If you're someone who is using both an FSA (Flexible Spending Account) and an HSA (Health Savings Account), you might find yourself juggling both accounts to maximize your healthcare savings. While both accounts offer tax advantages, they have different rules and contribution limits that you need to be aware of.

Here's what you need to know if you are using both FSA and HSA:

  • Understanding FSA: FSA is a pre-tax account that allows you to contribute funds to pay for eligible medical expenses. However, the funds in the FSA must be used by the end of the plan year, or you risk forfeiting the money.
  • Understanding HSA: HSA is also a tax-advantaged account, but it differs from an FSA in that the funds roll over year after year. You can only contribute to an HSA if you have a high-deductible health plan.
  • Rules for Using Both: If you have both an FSA and HSA, you can use the funds in the FSA for eligible medical expenses not covered by your HDHP until you meet your deductible. After that, you can use the HSA funds.
  • Coordination of Benefits: It's important to keep track of your expenses and which account you are using for what purpose to ensure you are compliant with IRS regulations.

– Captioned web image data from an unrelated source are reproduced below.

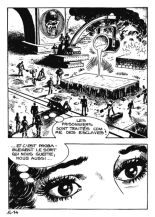 Elvifrance - Hors-serie vert - B14 - L'asteroïde des Damnés : page 76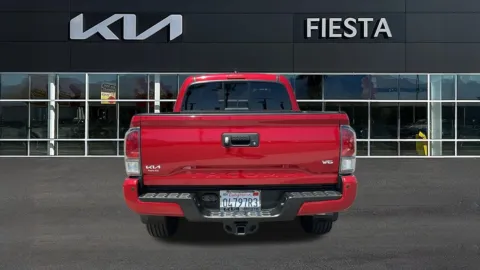 More photos of 2022 Toyota Tacoma TRD Sport at Fiesta Kia, CA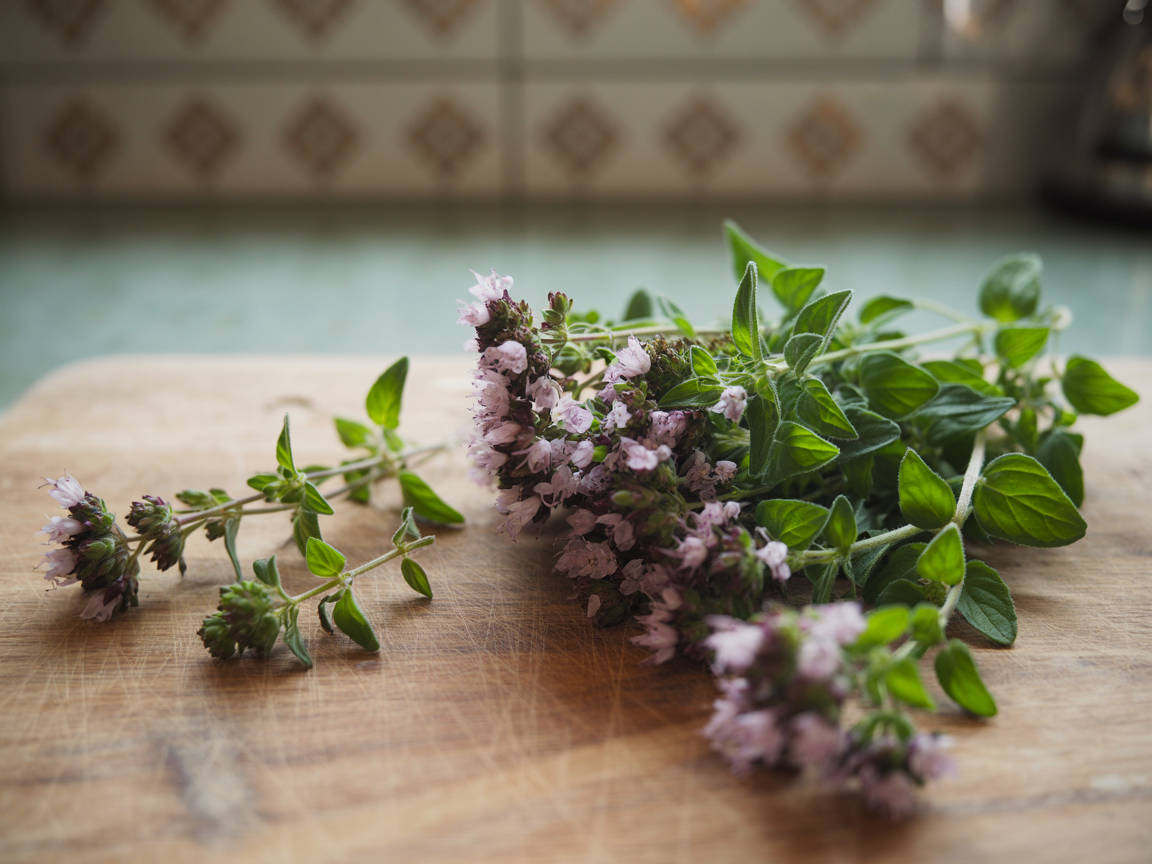 All about Oregano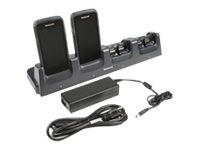 Honeywell : DOLPHCT50 kit DOCK PW SUPL ETHN pour CHARGE UPTO 4 COMP EU CORD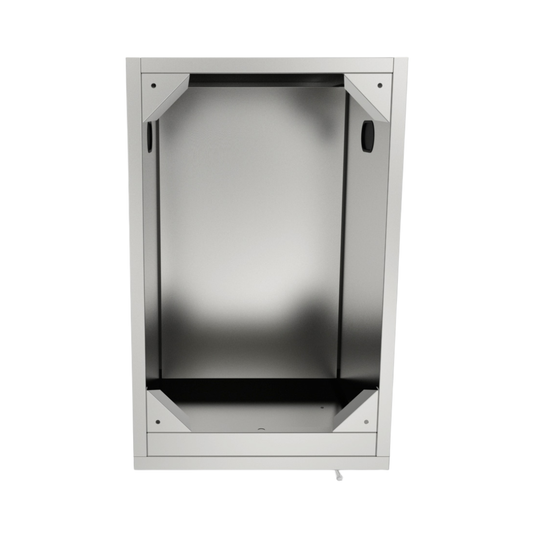 Sunstone Left Swing Door Cabinet with Shelf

By understanding how FSA and HSA work together, you can take advantage of both accounts to save on healthcare costs while maximizing your tax savings. Consult with a financial advisor or healthcare benefits expert to help you navigate the complexities of using both FSA and HSA effectively.


Using both an FSA and HSA can be a savvy financial move, allowing you to stretch your healthcare budget further by utilizing the benefits each account offers.